Un précepte qu’il transmet aux jeunes lors des cours d’entrepreneuriat qu’il donne à l’Ecole hôtelière de Lausanne. «J’ai un plaisir fou à enseigner ce que j’ai – parfois durement – appris. Je partage désormais cette activité d’enseignement avec la gestion de Fleur de Pains. »

Dès la création de l’entreprise, en 2005, le patron avait en tête l’idée de mettre plusieurs boulangeries en réseau. «Début 2009, nous allons ouvrir notre neuvième boutique. Au total, j’estime que Lausanne peut accueillir une quinzaine de nos enseignes. L’objectif est de conquérir 20% du marché lausannois, à l’horizon 2010, contre environ 10% actuellement. » Au-delà, le patron n’exclut pas de partir à la conquête d’autres villes: «A terme, nous pourrions répliquer ce modèle à Genève ou ailleurs. Mais pour l’instant rien n’est prévu, nous nous consacrons à Lausanne.»

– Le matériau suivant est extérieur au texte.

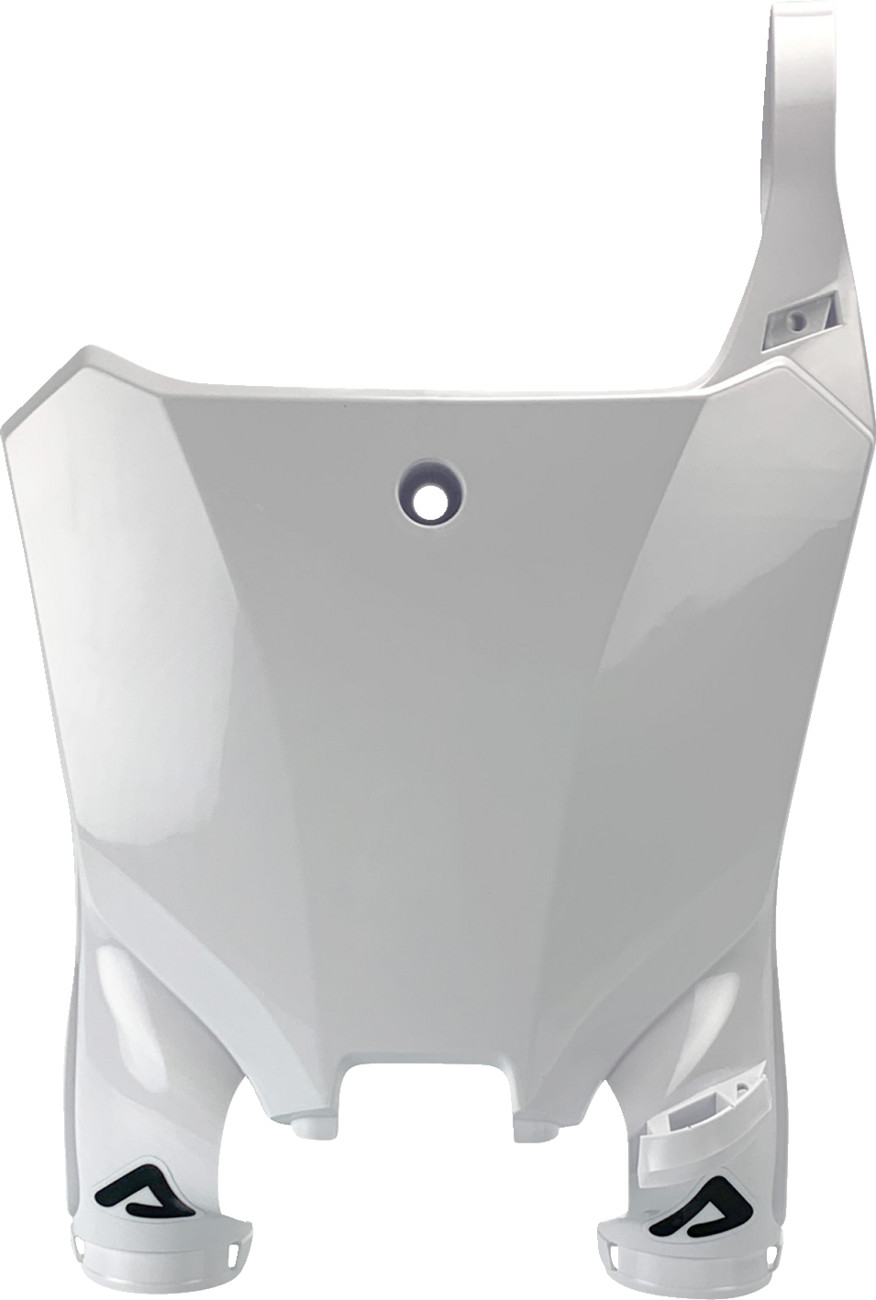 ACERBIS Raptor Front Number Plate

Ces prévisions de croissance ont de quoi étonner: selon les chiffres de l’Association des artisans boulangers-pâtissiers-confiseurs, une boulangerie sur cinq a disparu en Suisse, entre 2000 et 2006. «Il n’y a pas de contradictions, réplique Rémi Walbaum. Pourquoi ces boutiques ferment-elles? Pour faire tourner une boulangerie, il faut se lever au milieu de la nuit, servir toute la journée. Les jeunes générations n’acceptent plus un tel sacrifice. En mettant plusieurs boulangeries en réseau, j’offre des horaires de travail acceptables.»

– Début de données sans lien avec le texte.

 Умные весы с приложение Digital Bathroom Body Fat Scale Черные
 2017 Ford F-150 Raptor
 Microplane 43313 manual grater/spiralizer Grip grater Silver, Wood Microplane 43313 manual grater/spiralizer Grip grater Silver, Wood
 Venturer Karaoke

L’idée n’est pas nouvelle. A Lausanne, les groupes Polli et Paul se partagent déjà le marché du pain aux côtés des boulangeries traditionnelles. «Je ne veux pas tuer les derniers boulangers, précise Rémi Walbaum. Mon combat est de récupérer des parts de marché à Migros, Coop, BP ou encore Shell, qui vendent du pain, alors qu’ils n’ont aucune légitimité pour le faire.»